My brother just purchased a home, and the previous owner had left some things behind.  In an effort to get rid of the things he didn’t want of hers, and to make a little extra cash for remodeling purposes, the sale was more for his sake than anyone else’s.  However, I was beyond thrilled to cash out on a few more pieces of “junk”, as was my mother.

We took a couple of months to get everything together, as we weren’t sure if there would be another yard sale in our near future.  I mean, after all, we can’t have much left to purge, right?

Wrong.  Again, my mother’s dining room (the storage space for our to-go items until the day of the sale) was overflowing with our trash….er, treasures.  We couldn’t believe it!  The layers just keep falling away with each new purge.

In total, the three of us made over $1,300.00!  I pocketed $500 of that myself.  Not bad for the millionth yard sale we’ve hosted.
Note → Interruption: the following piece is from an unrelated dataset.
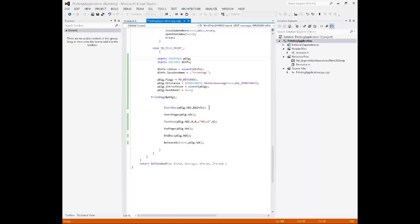Going on, we're going to say start document. We're going to supply the handle to a device context that the user chose. Also, we're going to give it the document info structure, such as the name, the size, etc. We're going to tell it, okay, now we want to start a page.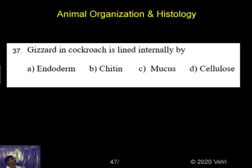Gizzard of cockroaches is lined internally by what? Endoderm, cetein, mucus, or cellulose? It's a very easy question.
Haha!

I’ve noticed this time around, I’m a lot less afraid of giving up the more sentimental items.  There are still a few things I will want to digitize for memory’s sake, but it’s becoming a lot easier to let the hard stuff go.  It feels amazing.

I had a few items out for sale that most people would probably never consider getting rid of, and someone even asked, “You don’t have a sentimental bone in your body, do you?”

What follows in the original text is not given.